The Agora was the heart of ancient Athens, the focus of political, commercial, administrative and social activity, the religious and cultural centre, and the seat of justice. 

The site was occupied without interruption in all periods of the city's history. It was used as a residential and burial area as early as the Late Neolithic period (3000 B.C.). Early in the 6th century, in the time of Solon, the Agora became a public area.

After a series of repairs and remodellings, it reached its final rectangular form in the 2nd century B.C. Extensive building activity occured after the serious damage made by the Persians in 480/79 B.C., by the Romans in 89 B.C. and by the Herulae in A.D. 267 while, after the Slavic invasion in A.D. 580, It was gradually abandoned. From the Byzantine period until after 1834, when Athens became the capital of the independent Greek state, the Agora was again developed as a residential area. 

The first excavation campaigns were carried out by the Greek Archaeological Society in 1859-1912, and by the German Archaeological Institute in 1896-97. In 1890-91, a deep trench cut for the Athens-Peiraeus Railway brought to light extensive remains of ancient buildings. In 1931 the American School of Classical Studies started the systematic excavations with the financial support of J. Rockefeller and continued until 1941. Work was resumed in 1945 and is still continuing. In order to uncover the whole area of the Agora it was necessary to demolish around 400 modern buildings covering a total area of ca. 12 hectares. 

In the 19th century the four colossal figures of Giants and Tritons at the facade of the Gymnasium were restored by the Greek Archaeological Society. In the years 1953-56, the Stoa of Attalos was reconstructed to become a museum and in the same period the Byzantine church of Aghioi Apostoloi, built around A.D. 1000, was restored by the American School. Between 1972 and 1975, restoration and preservation work was carried out at the Hephaisteion; the area was cleared of the vegetation, and the roof of the temple was repaired in 1978 by the Archaeological Service.

The Ancient Agora of Athens is a flat area defined by the Sacred Rock of the Acropolis and the hill of Areopagus in the south and the hill of Kolonos Agoraios in the west. It is traversed by one of the most important ancient roads, the Panathenaic Way, which led to the Acropolis from the main gate of the city, the Dipylon Gate. This road served as the processional way for the great parade of the Panathenaic festival, which was held to honour the city patron goddess Athena. 

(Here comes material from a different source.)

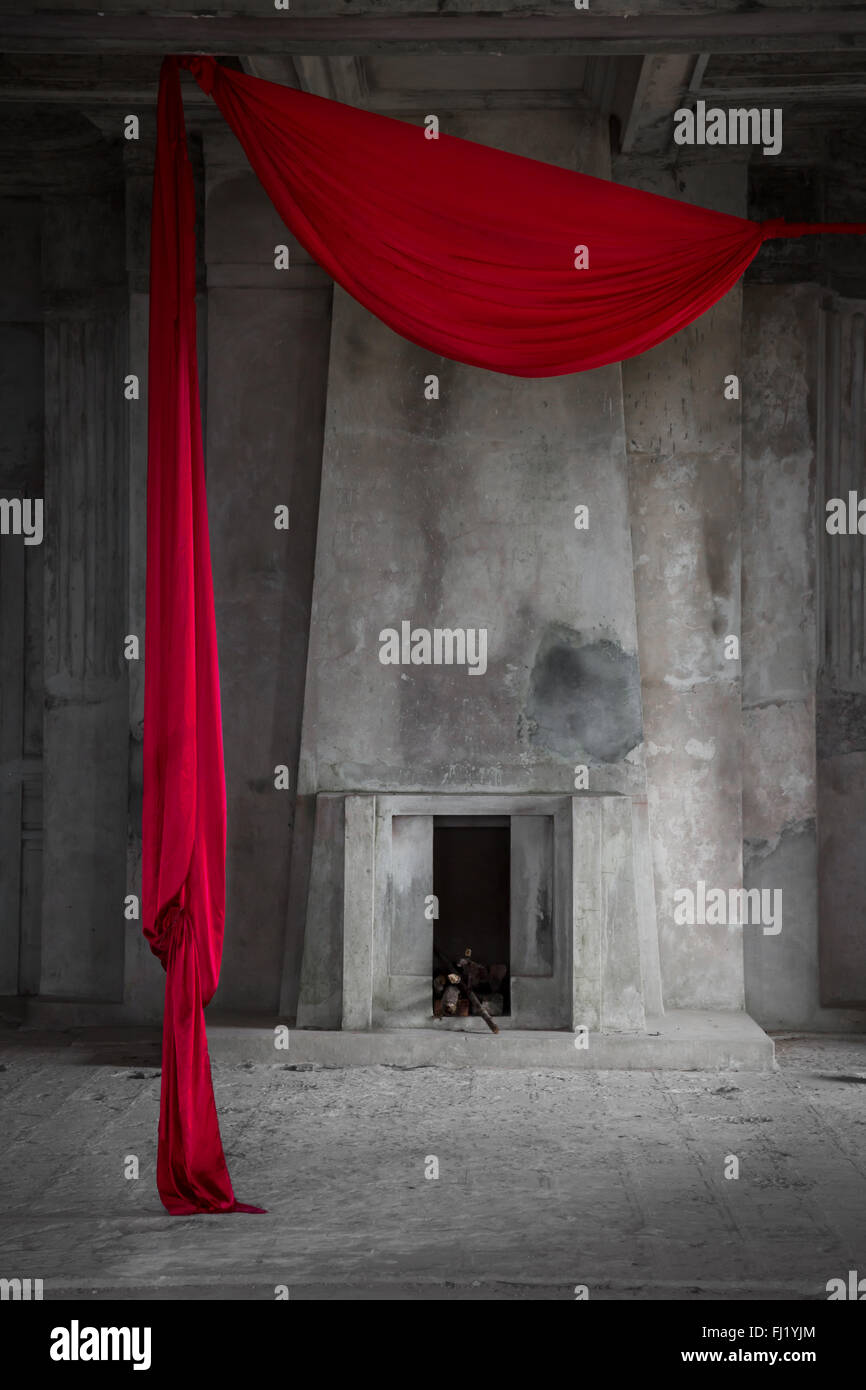 Red veil and chimney inside old abandoned Bokor casino, Kampot, Cambodia Stock Photo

To the north, near the middle of the open square, lay the Altar of the Twelve Gods (522/1 BC). The sanctuary was a popular place of asylum. The altar was also considered the heart of Athens, the central milestone from which distances to outside places were measured. 

The most important public buildings and temples of the political, administrative and religious center of Athens were built from the 6th to the 2nd century BC at the foot of the hill of Kolonos Agoraios, along one of the busiest roads of the Agora, conventionally called West Road. 

The Tholos (470 BC), a circular building, served as the headquarters of the fifty prytaneis (officials) of the Boule (senate of 500). The New Bouleuterion was the meeting place of the Boule, the law-making body that drafted law bills for subsequent discussion and approval in the Assembly (Ecclesia). The Metroon (2nd cent. BC) served both as a sanctuary of the Mother of the Gods and the archive building of the city. The Monument of the Eponymous Heroes (350 BC) was a long base for the ten bronze statues representing the eponymous heroes of the ten tribes of Athens. On the West side of the Agora there are also the remains of the Ionic Temple of Apollo Patroos (Fatherly) (325 BC), so-called because he was the father of Ion, founder of the Ionian Greeks, a tribe that included the Athenians, the cella of the small Temple of Zeus Phratrios and Athena Phratria (350 BC), who were the principle deities of the ancestral religious brotherhoods or phratries, the Stoa of Zeus Eleutherios (of Freedom), whose cult was established after the battle of Plataea in 479 BC, when the Greeks drove the Persians out of Greece, and finally the Stoa Basileios (Royal Stoa), the headquarters of the archon basileus, the official responsible for religious matters and the laws. 

Overlooking the Agora from the hill to the west (Kolonos Agoraios) is the Temple of Hephaistos and Athena (second half of 5th cent. BC), popularly known as "Theseion". 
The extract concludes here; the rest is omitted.